Expectations may be high for their new musical, which starts preview performances tomorrow.

Up Here was born on a slip of paper Lopez used to jot down ideas for possible musicals after he graduated from Yale in 1997.

"I thought it would be really cool to show the world the inner life of someone like me, who doesn't have a huge personality, who deals with some personal demons and is a little bit shy and awkward when you first get to know me," he said.

But for nearly a decade, it remained stashed away, while he went on to work on Avenue Q and The Book Of Mormon, and Anderson-Lopez wrote an off- Broadway musical, In Transit.

Together, they wrote new songs for the children's TV series Wonder Pets!. Then came Frozen, the Disney movie that introduced the world to sisters Elsa and Anna, to Olaf the snowman and to the Lopezes themselves.

"We loved doing Frozen," Lopez said. "But this project obviously predates Frozen and it's the most personal project that we have."

The romantic comedy revolves around an introverted computer technician named Dan (newcomer Matt Bittner) and an extroverted T-shirt designer named Lindsay (Betsy Wolfe) as they enter into a relationship constantly interrupted by competing voices inside Dan's head.
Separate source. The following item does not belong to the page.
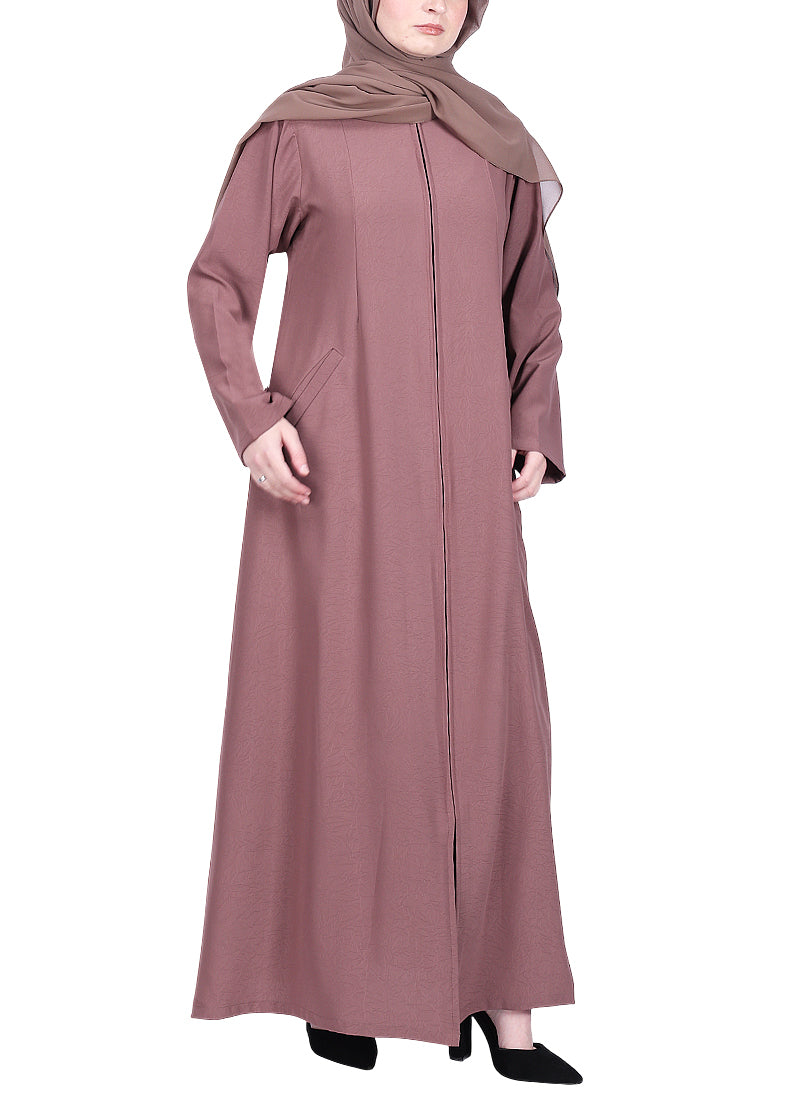 Being Muslims Sleek Burnish Brown Abaya with Zipper and Pockets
"The story is really a love triangle between a guy, a girl and his brain," Lopez explained.

It is an experiment in psychology, whimsy and, to some extent, auto- biography.
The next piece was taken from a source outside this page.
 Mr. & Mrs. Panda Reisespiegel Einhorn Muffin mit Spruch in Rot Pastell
"It's this dialogue between the epic world of our feelings and thoughts and very small, mundane steps in any relationships, even just making a phone call after you've met for the first time," Anderson- Lopez explained.

"When it happens to you, it feels epic."

But while elements of Up Here were plucked from the married couple's lives and their personalities resemble those of their characters (hers ebullient, his more reflective), they insist it is not based on them.

It was not until 2007 when they met the show's director Alex Timbers that things started moving on Up Here.

By 2010, they held their first workshop performance and realised they needed a full staging to visualise the show.

It was Timbers who pitched the idea of doing the musical at La Jolla, where he had staged Peter And The Starcatcher in 2009. Nestled on a woodsy campus just outside the San Diego city limits, the theatre is far from the glare of New York, though with a track record of sending musicals to Broadway.

For the creative team, one of the challenges of the musical, which features a cast of 22 and a 10-piece orchestra, has been finding ways for the audience to visualise what is going on inside Dan's head as forces try to pull him in one direction or another. To do this, they created a world exploding with colour, playful costumes, animated projections, tap-dancing cactuses and singing miners.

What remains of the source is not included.